News of the early release upset Porter Superior Court Judge Roger Bradford, who recently "vehemently" denied a request to allow Vincent Angotti, 48, to be released as soon as Feb. 8 into a community transition program.
Bradford said he realized when he sentenced Angotti in March 2008 to 18 years behind bars and 10 years of formal probation, that he could be out in half that time with good behavior. That put Angotti's initial release date at March 4, 2017.
"How he can qualify for any type of release in less than five years from his sentencing date on an 18-year sentence defies logic," Bradford wrote in his denial of the community transition program.
Also upset by the news is a mother of one of the young victims, who said her family had agreed to the original plea deal that resulted in Angotti's conviction.
"This is NOT what we bargained for ... we are very disappointed that he will be serving less than half of the 9 years," she wrote in a statement requested by The Times.
"Angotti is doing to the judicial system what he did to at least 2 families ... all the while laughing and knowing he's getting away with it," she said. "What a horrible message this is sending out to all the other silent victims."

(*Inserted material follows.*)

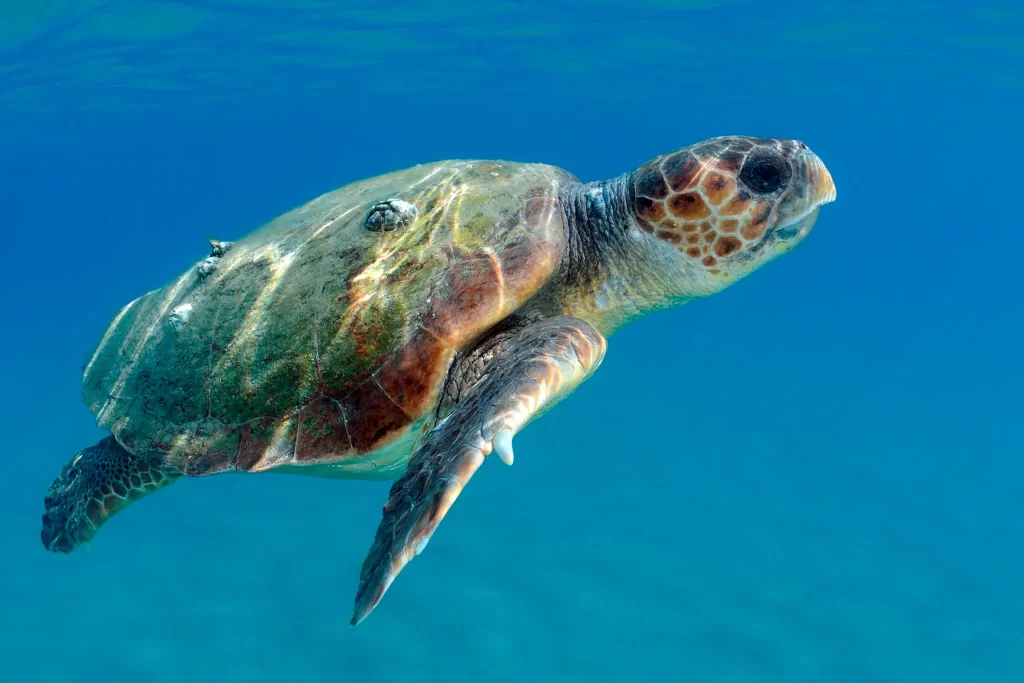 Una tartaruga comune (Caretta caretta) adulta che nuota nel Mar Mediterraneo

Douglas Garrison, chief communications officer at the Indiana Department of Correction, said Angotti has received three years and nine months of credit off his sentence by completing various educational programs at the New Castle Correctional Facility.
Angotti received 730 days off his sentence by completing a bachelor's degree in general studies, 365 days by completing an associate's degree in general arts, 180 days by completing four substance abuse programs and 90 days for a vocational horticulture program.
"This offender has maintained a clear conduct record during his incarceration," Garrison said.
Angotti also benefited by the timing of his January 2008 guilty plea, Bradford said. Had Angotti been convicted after June 30, 2008, he would have received one day credit for every six days in prison as compared to his current rate of one day credit for each day served.
Angotti was the owner of Guardian Pest Control in Valparaiso and Highland at the time he was charged with molesting a 7-year-old girl on one occasion and repeatedly molesting the second girl for three years beginning when she was 12.
Angotti, who is now listed as a principal and incorporator of the business, said in a letter at the time of sentencing he was an alcoholic with mental problems.
State Rep. Ed Soliday, R-Valparaiso, said a bill will be presented in the upcoming legislative session calling for offenders to serve 75 percent of their prison terms.
While supportive of the need for reform and rational discussion about sentencing, Soliday said these type of debates traditionally have become bogged down in politics.